In business news this week: the government approves the 2012 draft budget amidst concerns over revised economic growth predictions, wages rose by an average 2.5 percent in the second quarter while the jobless rate remains essentially unchanged at 8.2 percent.
The Czech coalition government on Wednesday unanimously approved the 2012 state budget, with a deficit projected at 105 billion crowns. The proposed budget draft reckons with revenues of 1,084 billion crowns and expenditures of 1,189 billion crowns.
The government’s main target is to narrow the public-finance shortfall, the fiscal yardstick for assessing an EU member’s readiness to adopt the euro, to 3.5 percent of gross domestic product in 2012 from 4.2 percent in 2011. The cabinet expects to trim the gap to less than 3 percent in 2013. However revised growth predictions for 2012 have cast doubt on the sustainability of the budget in its present form, with analysts predicting that further cuts in public spending may prove inevitable.
Analysts have also questioned the projected consumer growth of 2 percent in view of a VAT hike on consumer goods from 10 to 14 percent which is expected to curb consumer growth.
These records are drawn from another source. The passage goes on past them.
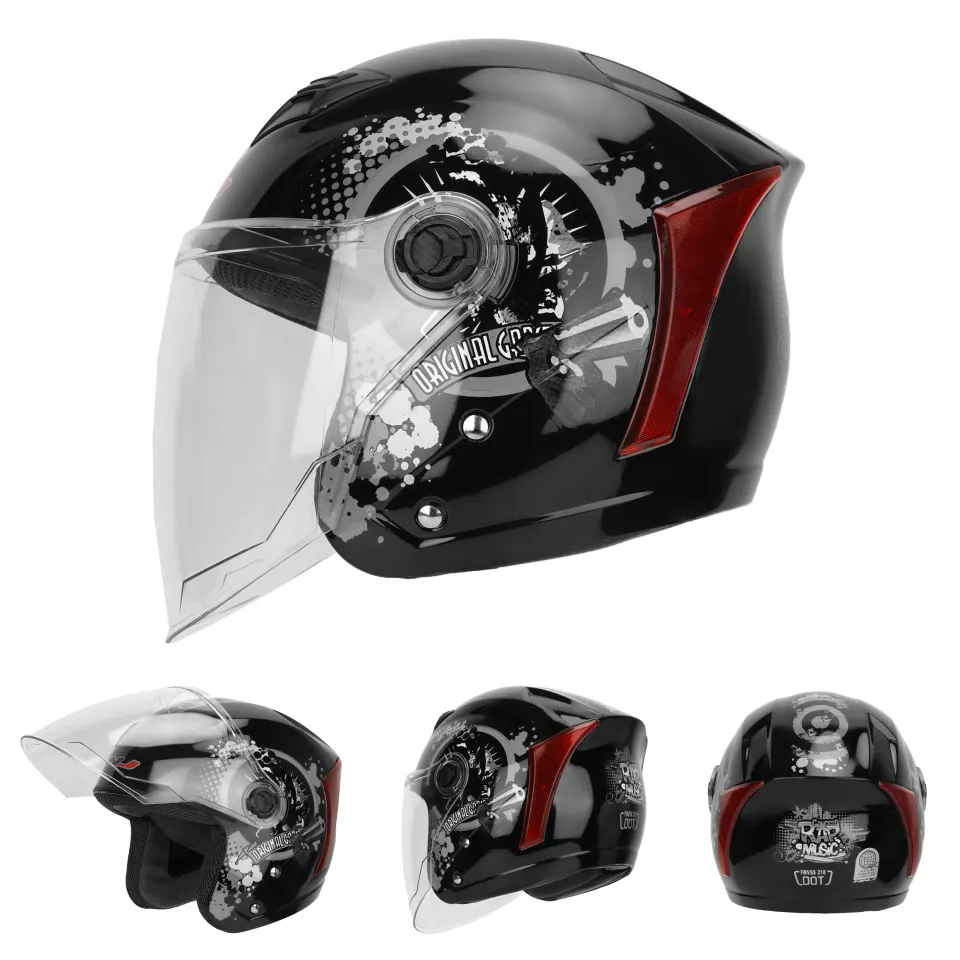 HNJ Helmet Motorcycle Half Face original Single Visor Half Face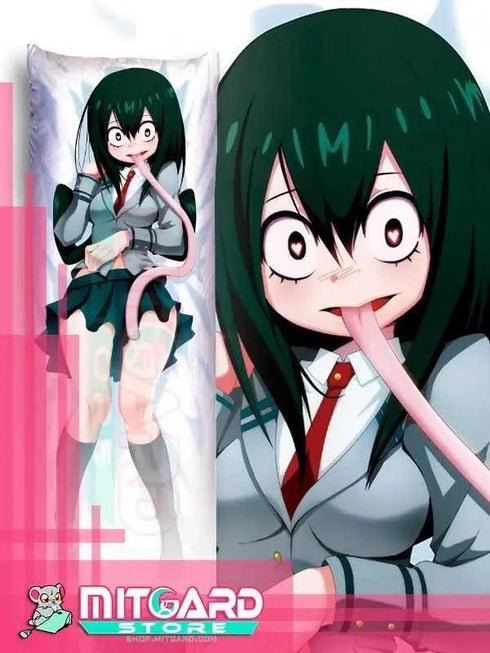 MY HERO ACADEMIA Tsuyu Asui / Froppy Body pillow case Dakimakura - 3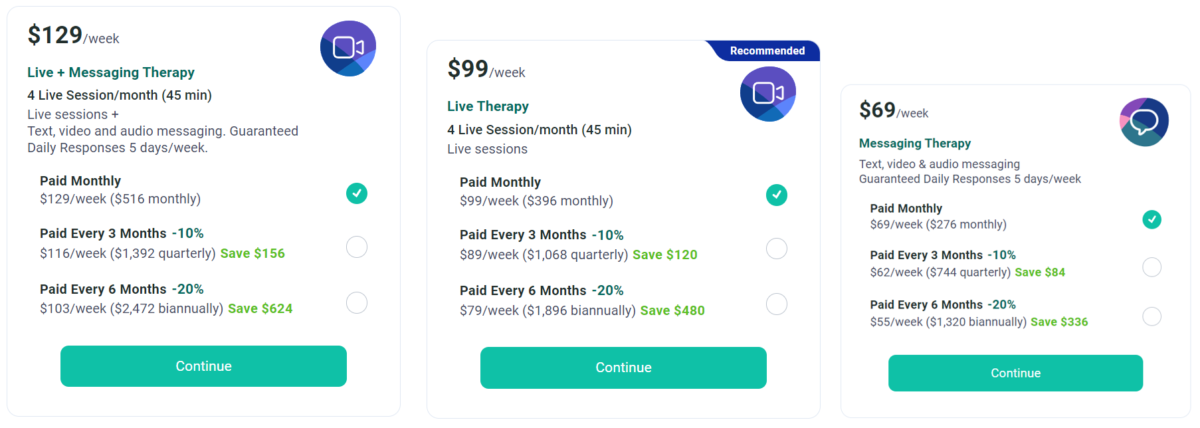 how much does talkspace cost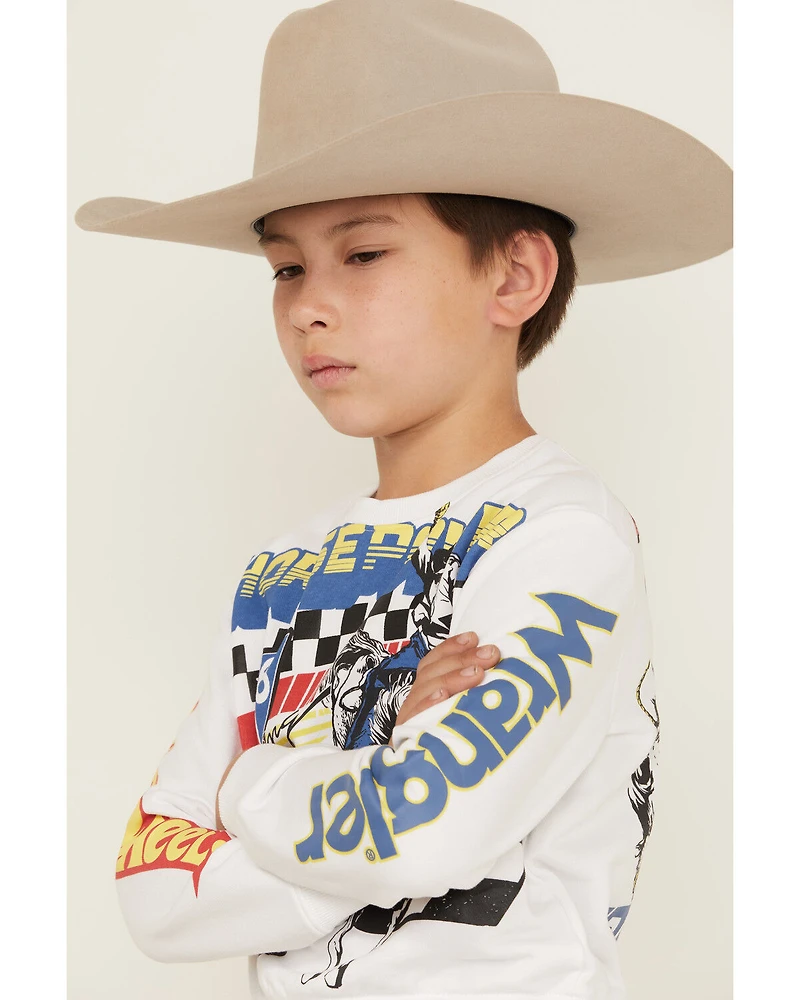 Wrangler® x Hot Wheels™ Boys' Rodeo Crew Neck Sweatshirt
The government is counting on higher revenues from the VAT hike to help reduce the public finance deficit, along with spending cuts and other measures.
The IMF this week revised downward its estimate for Czech economic growth in 2012 –from a previous 2.9 percent to 1.8 percent of the GDP. At the same time, the IMF slightly upped its estimate for this year’s growth to 2.0 percent. The renewed estimates are part of a global economy outlook which is threatened by the EU’s debt crisis and the lack of a fiscal plan in the US. Czech analysts that next year’s economic growth could slide even lower should Europe’s leading economies slip into recession and pull the export-oriented Czech economy down with them.
The Czech unemployment rate remained essentially unchanged at 8.2 percent in August, data from the Labour Ministry showed Thursday. The unemployment rate for women came in at 10 percent and that for men was 6.8 percent. From 2004 until 2010, Czech Republic's unemployment rate averaged 7.8 percent reaching an historical high of 10.2 percent in February of 2004 and a record low of 5.0 percent in May of 2008.
Speaking at an international conference on the future of nuclear power in the town of Trebic this week Czech Industry and Trade Minister, Martin Kocourek, said the government was planning to extending the lifespan of the Czech Republic’s oldest nuclear power plant Dukovany, and build a fifth reactor block at the country’s other nuclear plant, Temelín after 2020. Last year Dukovany was the largest single source of power in the Czech Republic, outputting 14.176 TWh. Temelín, which currently has two reactor blocks, produced 13.820 TWh in 2010.
Wages in the Czech Republic rose by an average 2.5 percent in the second quarter of the year with wage hikes outstripping price rises for goods and services in the first half of the year, the Czech Statistical Office announced this week. The average wage climbed to just under 24,000 crowns in the second quarter with the 2.5 percent rise outstripping a 1.8 percent rise in the price of goods and services. Pay rises were spread out unevenly though with wages actually falling in the non-business sector by 0.9 percent and climbing in the business sector by 3.2 percent.
The number of dollar millionaires in the Czech Republic grew by more than 29 percent to 16,200 in 2010, according to a Global Wealth Management report published this week. Analysts say that the growing number of very rich people in the Czech Republic reflects the gradually widening gap in the Czech society between low and high income households.